Le juriste Leïth Ben Becher décrypte les risques qu'encourt la toute jeune démocratie tunisienne à l'occasion de l'élection de l'Assemblée constituante.
Qu’attendent les Tunisiens des élections du 23 octobre ? Une Assemblée représentative, élue dans des conditions ne laissant aucune place à la contestation de la crédibilité du scrutin, gage de toute légitimité. Or, outre Ettajdid, le Parti démocrate progressiste (PDP) et le Forum démocratique pour le travail et les libertés (FDTL) – les trois partis légaux qui ont résisté sous Ben Ali –, plus de cent partis ont été légalisés depuis le 14 janvier, allant de l’islamisme, dans sa complexité, au marxisme léninisme et même au Baas ( !). L’échiquier politique est donc en saturation. N’y avait-il pas assez de structures pour représenter l’essentiel des tendances politiques et des courants idéologiques qui peuvent exister en Tunisie ?
Pourtant, la Haute Instance pour la réalisation des objectifs de la révolution, la transition démocratique et la réforme politique a cédé à la tentation et ouvert les élections, pour une plus grande représentativité dit-on, aux candidats indépendants. Soit ! Mais faute d‘avoir mis des conditions (parrainage, caution..) permettant de limiter les candidatures fantaisistes, plus de 1 300 listes, dont près de la moitié sont réputées indépendantes, sont en lice. Beaucoup ont attiré l’attention sur les difficultés, voire les dangers de cette démultiplication sous couvert de libéralisme politique. Mais rien n’a été fait pour en limiter les effets.

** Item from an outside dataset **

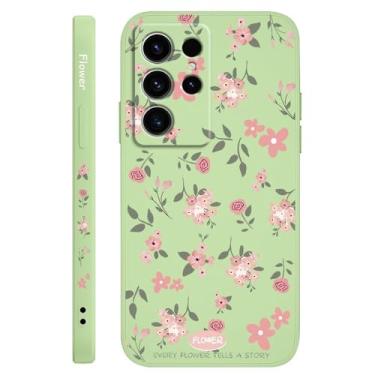 Imagem de Capa de celular com aroma floral para Samsung Galaxy S25 S24 S23 S22 S21 S20 Ultra Plus FE Note 20 Ultra 10 Plus, verde claro, para S24FE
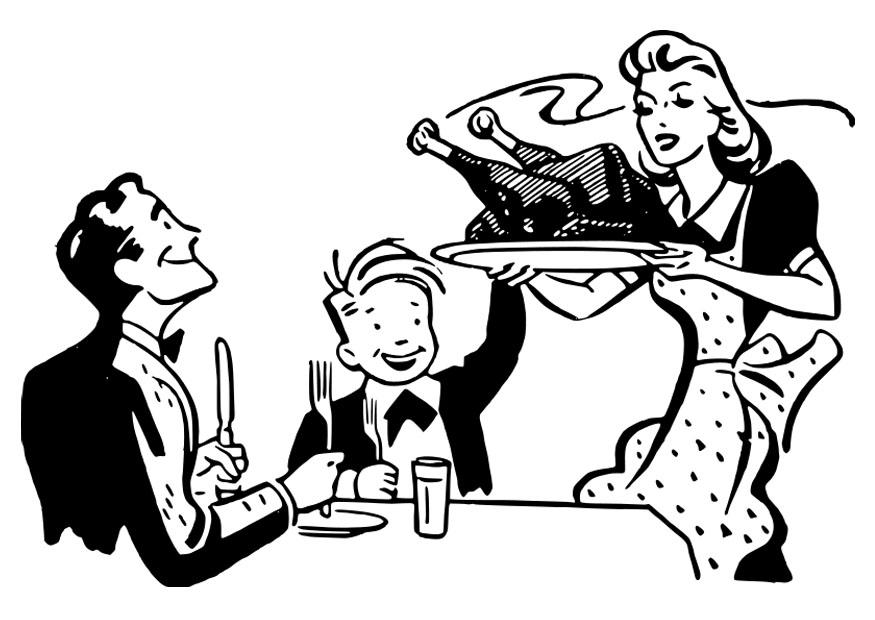 Coloring page thanksgiving meal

Et une semaine après le début de la campagne électorale, d’autres risques apparaissent. Le premier est d’ordre financier et il est avéré ; car les deniers publics – et par conséquent le contribuable – devront, comme le prévoit la loi, financer toutes les listes, même celles qui n’ont aucune chance d’atteindre un score minimal. Or il n’est qu’à constater ici et là les espaces vides sur les panneaux d’affichage spécialement établis à cet effet ou à entendre les propositions farfelues et les promesses surréalistes de certains de leurs représentants dans les spots électoraux pour se rendre à l’évidence : nombre de listes n’existent que formellement ! Toutes ces listes recevront pourtant l’intégralité de la subvention publique prévue à cet effet et ne seront tenues qu’à rembourser la moitié des sommes reçues au cas où elles n’atteindraient pas le seuil des 3 % des voix. Sauf que la loi ne prévoit aucune sanction pour les contrevenants. Un beau gaspillage en perspective, surtout que tout le monde se présente en gardien des deniers publics. Car les sommes ainsi engagées se comptent en millions de dinars !
Le second risque est éminemment politique et il comporte deux aspects. Si l’électeur normalement informé a pu se faire depuis quelques mois, sinon quelques semaines, une idée des programmes et des projets politiques des différents partis en compétition, il n’en va pas de même des listes indépendantes constituées le plus souvent ex nihilo avec des appellations improvisées frisant parfois le comique et qui ne serviront qu’à brouiller les esprits et à disperser les voix.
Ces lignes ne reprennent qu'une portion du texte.